Personal information
- Full name: Bartolomeu Jacinto Quissanga
- Date of birth: 27 March 1991 (age 35)
- Place of birth: Luanda, Angola
- Height: 1.84 m (6 ft 0 in)
- Position: Centre-back

Team information
- Current team: Fortaleza
- Number: 34

Senior career*
- Years: Team / Apps / (Gls)
- 2010–2013: Petro Atlético / 105 / (6)
- 2013–2016: Rostov / 73 / (4)
- 2016–2020: Lazio / 68 / (6)
- 2020–2022: Al-Ain / 22 / (2)
- 2021–2022: → Rostov (loan) / 14 / (1)
- 2022–2023: Al-Ahli / 24 / (3)
- 2023–2026: Botafogo / 42 / (3)
- 2026–: Fortaleza / 0 / (0)

International career^{‡}
- 2011–: Angola / 58 / (2)

= Bastos (footballer, born 1991) =

Angolan footballer

Bartolomeu Jacinto Quissanga (born 27 March 1991), known as Bastos, is an Angolan professional footballer who plays as a centre-back for Fortaleza for the Angola national team. In 2024, he became the first African player to win the Copa Libertadores.

==Club career==

Bastos began his career in his native country Angola. Between 2011 and 2013 he played with Petro Atlético de Luanda in 105 games where he scored 6 goals and also won the Taça de Angola twice.

===Rostov===

On 11 July 2013, Bastos signed a three-year contract with Russian Premier League side FC Rostov. He played a key role in winning the first Russian Cup for his club Rostov in the final against FC Krasnodar.

===Lazio===

On 17 August 2016, Lazio announced the signing of Bastos for €5 million. He scored his first goal for the club on 17 September 2017, a 3–2 away win over Genoa.

===Al-Ain===
On 22 October 2020, after playing in two of Lazio's opening matches of the 2020–21 Serie A season, Bastos joined Saudi club Al-Ain on a permanent basis.

====Rostov loan====
On 5 August 2021, Bastos returned to Rostov on loan for the 2021–22 season.

On 24 February 2022, the Russian invasion of Ukraine began, with the airports based in the provinces that were close to Ukraine were ordered closed until 2 March, including Platov International Airport in Rostov-on-Don. On 7 March 2022, FIFA announced that foreign players in Russia would be able to unilaterally suspend their contracts with their clubs until 30 June 2022 and sign with a club outside of Russia until 30 June 2022. Bastos made use of the rule alongside fellow Rostov teammates Dennis Hadžikadunić, Armin Gigović, Pontus Almqvist and Magnus Nordengen Knudsen, all of whom left on special leave for various European clubs. Bastos had reached an agreement with Bundesliga club Arminia Bielefeld. However, on 17 March 2022, the German Football Association (DFB) announced that the transfer window in Germany would not be re-opened and players from the Russian and Ukrainian leagues would not be allowed to be registered in official national competitions to "maintain the sporting integrity of the competitions", despite FIFA giving permission to do so.

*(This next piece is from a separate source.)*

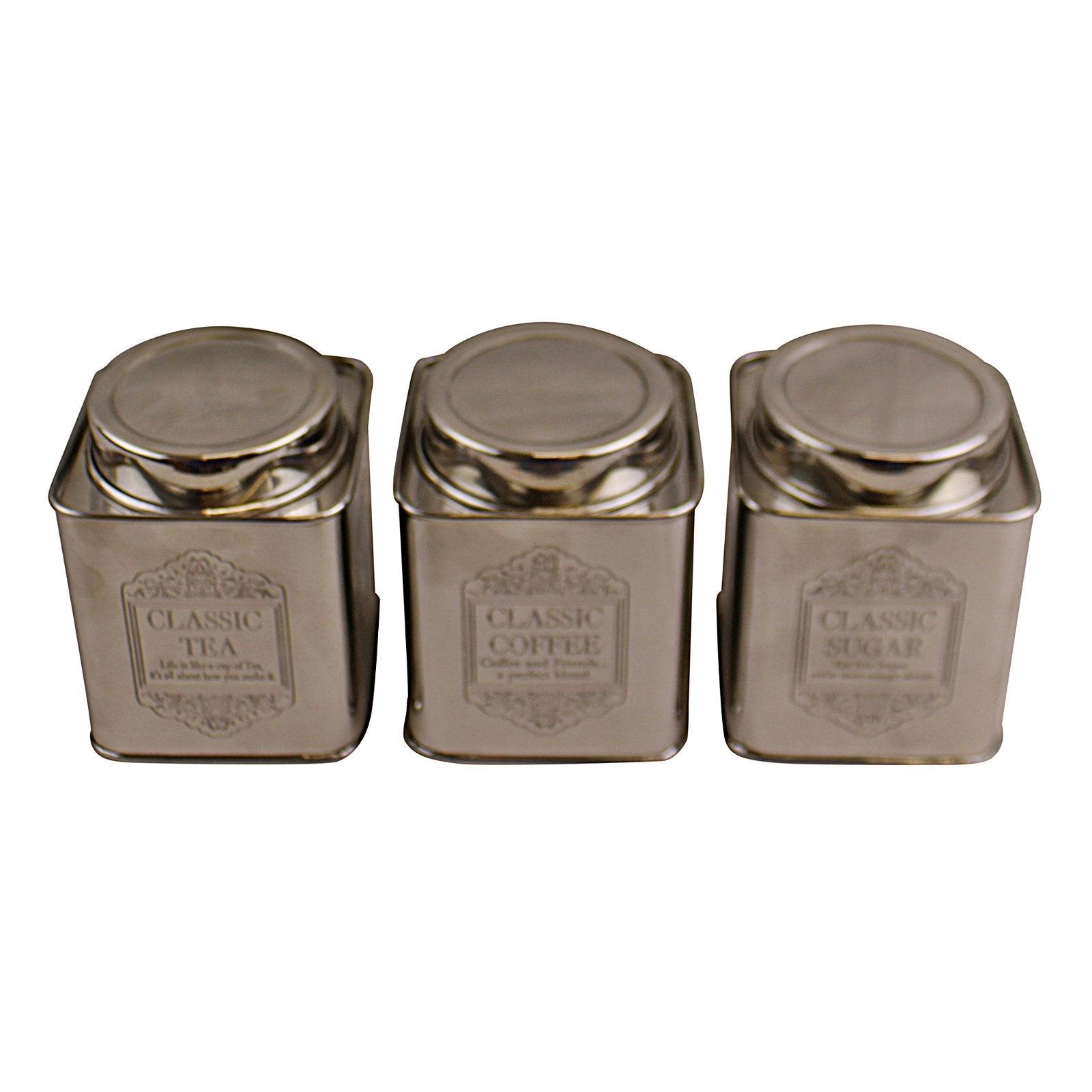 Silver Metal Tea, Coffee & Sugar Storage Tins - £59.99 - Kitchen Storage 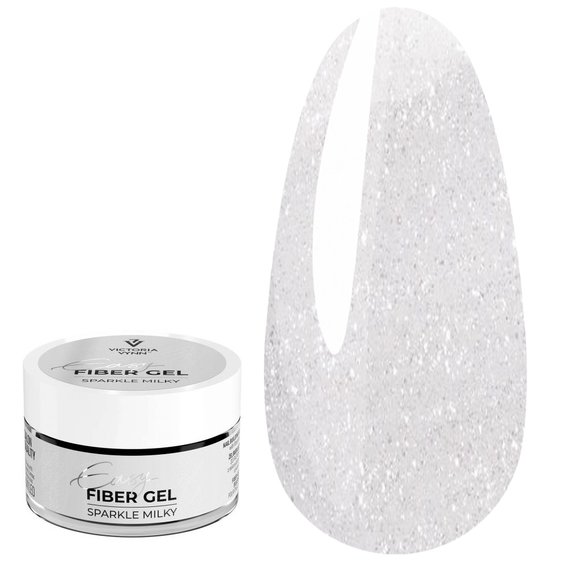 Гель для наращивания Victoria Vynn EASY FIBER GEL Sparkle Milky белый c микроволокнами и блестками 50 мл - Фото №1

Despite his transfer being blocked by the DFB, Bastos suspension was upheld and he would not make another appearance for Rostov during the 2021–22 season.

===Al-Ahli===
On 8 September 2022, Bastos joined Saudi Arabian club Al-Ahli on a free transfer.

=== Botafogo ===
In August 2023, Botafogo announced the signing of the defender with a contract until the end of 2024. In November 2024, he won the Copa Libertadores with Botafogo. Bastos became the first African player to win the Copa Libertadores.

The following season, however, he struggled with a left knee injury. The Angolan first felt it on the field against Nova Iguaçu in February, still in the Campeonato Carioca.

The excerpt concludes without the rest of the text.